▶ [TASK] All lines in the records below from the line with "ヤマワ アルミ材用スパイラルタップ AL-SP" through the line with "Fobus KMSG Evolution" are to be given again exactly, both ends included; the pictures are to be left out.

*** SOURCE MATERIAL Section Begins ***

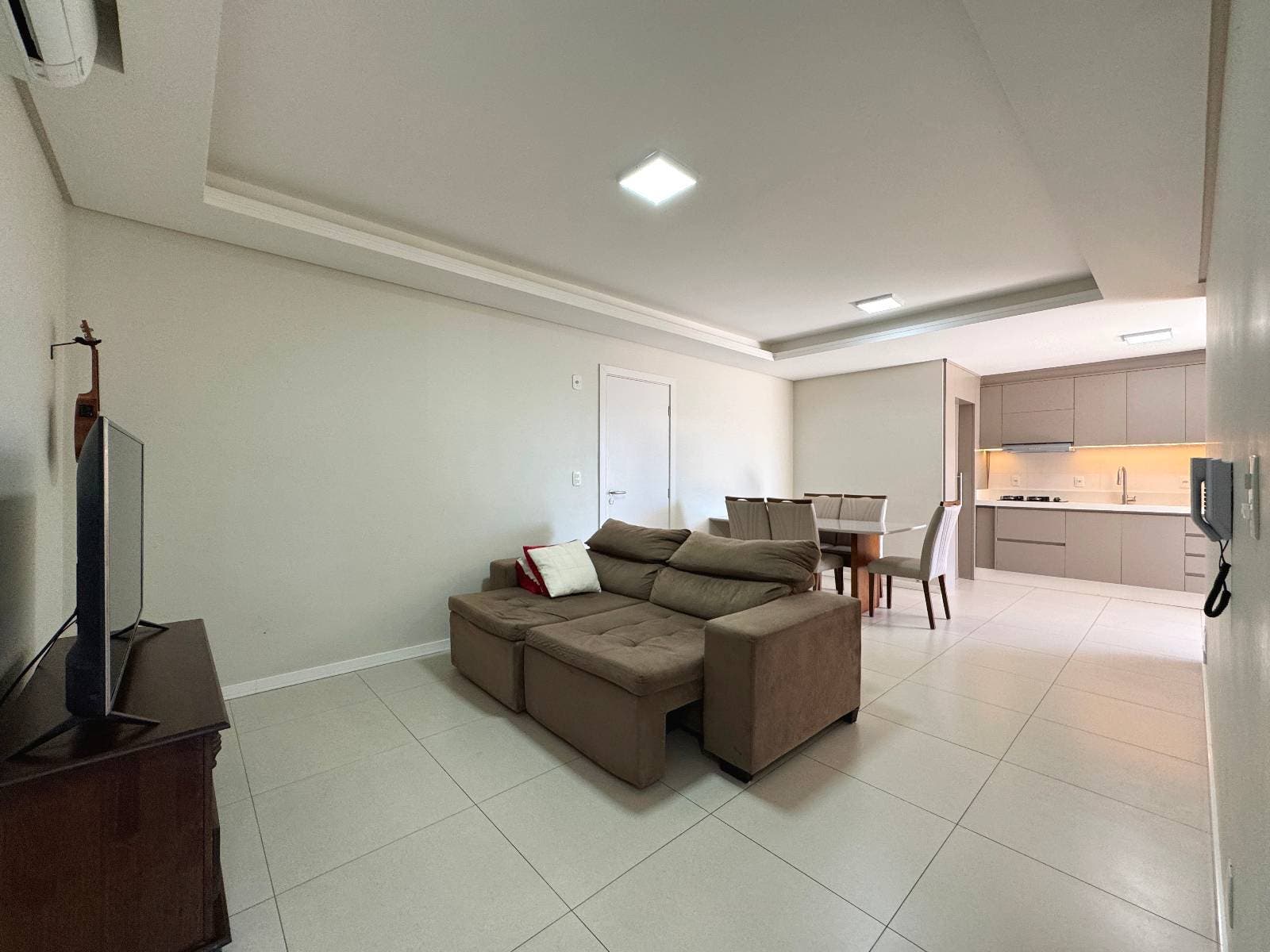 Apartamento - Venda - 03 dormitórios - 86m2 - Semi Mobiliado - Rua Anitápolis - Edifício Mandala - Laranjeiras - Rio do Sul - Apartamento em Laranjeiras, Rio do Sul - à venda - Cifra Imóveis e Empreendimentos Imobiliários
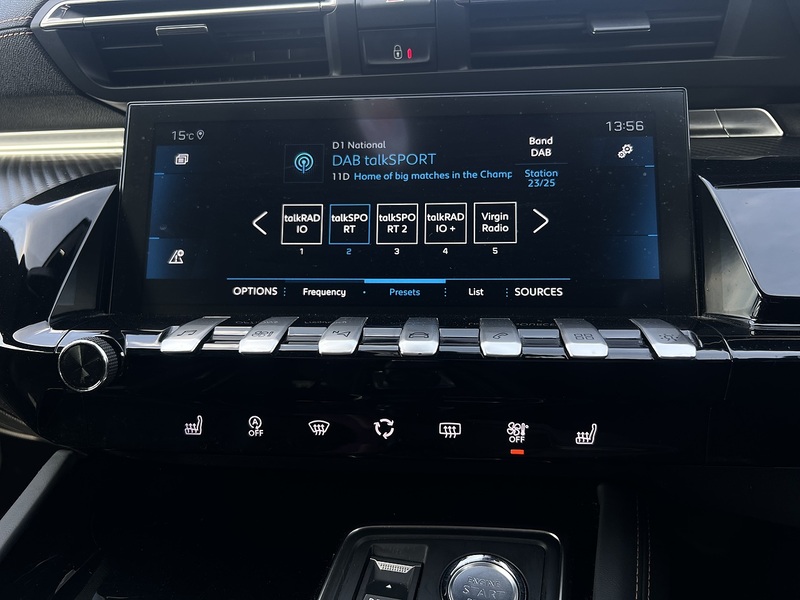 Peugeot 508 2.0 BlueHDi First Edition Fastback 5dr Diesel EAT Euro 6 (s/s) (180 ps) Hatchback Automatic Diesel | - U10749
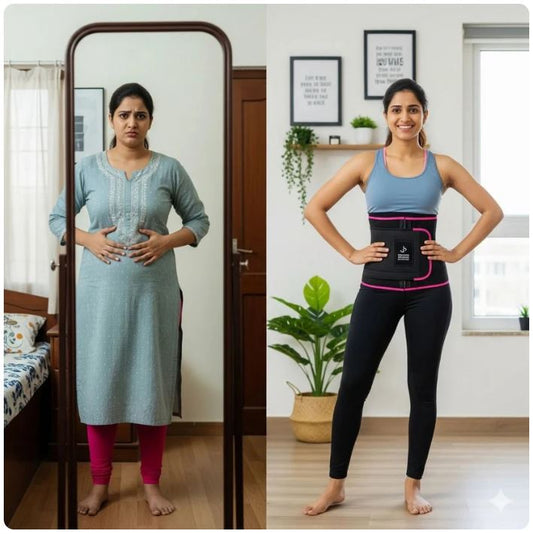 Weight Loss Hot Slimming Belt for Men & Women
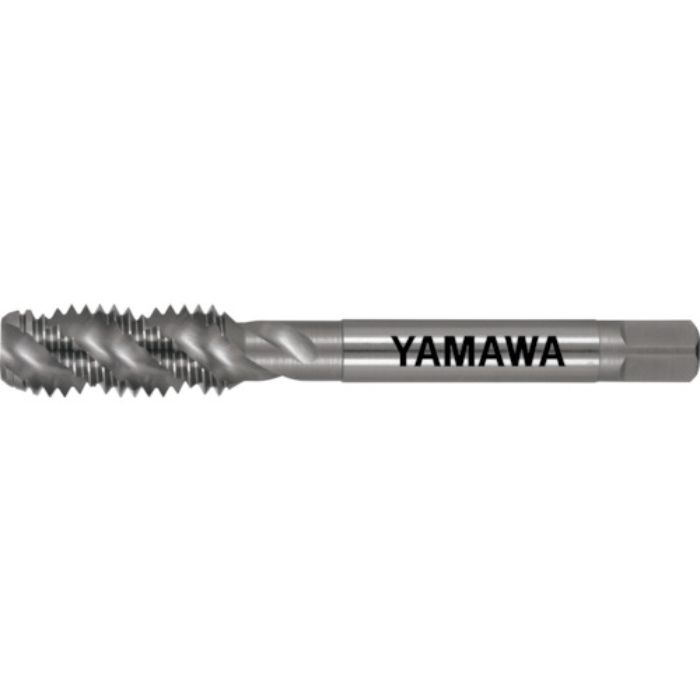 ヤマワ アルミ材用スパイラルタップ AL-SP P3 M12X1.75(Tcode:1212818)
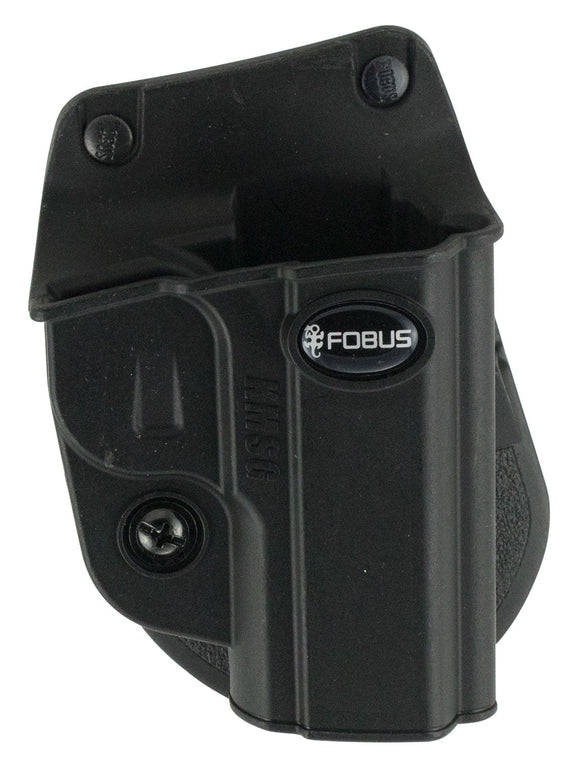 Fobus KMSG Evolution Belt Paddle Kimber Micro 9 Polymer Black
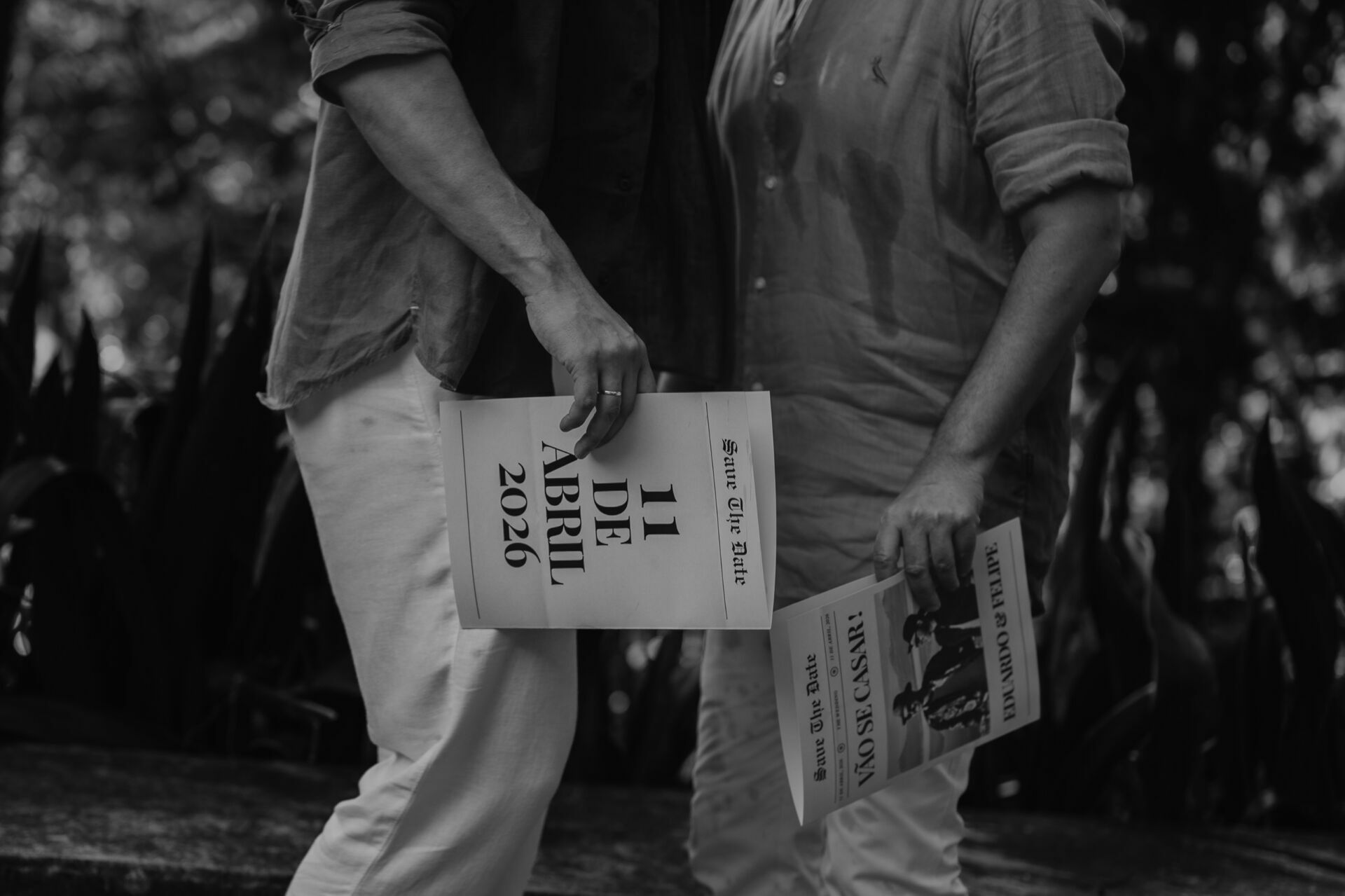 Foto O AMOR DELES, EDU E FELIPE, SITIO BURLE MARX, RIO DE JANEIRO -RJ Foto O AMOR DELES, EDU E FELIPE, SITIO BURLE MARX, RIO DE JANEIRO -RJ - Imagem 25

*** SOURCE MATERIAL Section Ends ***
*** SOURCE MATERIAL Section Begins ***

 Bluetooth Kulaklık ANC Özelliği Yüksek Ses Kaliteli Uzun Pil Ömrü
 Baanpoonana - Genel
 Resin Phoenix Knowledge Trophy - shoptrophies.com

*** SOURCE MATERIAL Section Ends ***
*** SOURCE MATERIAL Section Begins ***

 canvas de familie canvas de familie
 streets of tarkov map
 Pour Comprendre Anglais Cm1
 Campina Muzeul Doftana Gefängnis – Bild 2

*** SOURCE MATERIAL Section Ends ***

▶ [EXERCISE ANSWER]
 ヤマワ アルミ材用スパイラルタップ AL-SP P3 M12X1.75(Tcode:1212818)
 Fobus KMSG Evolution Belt Paddle Kimber Micro 9 Polymer Black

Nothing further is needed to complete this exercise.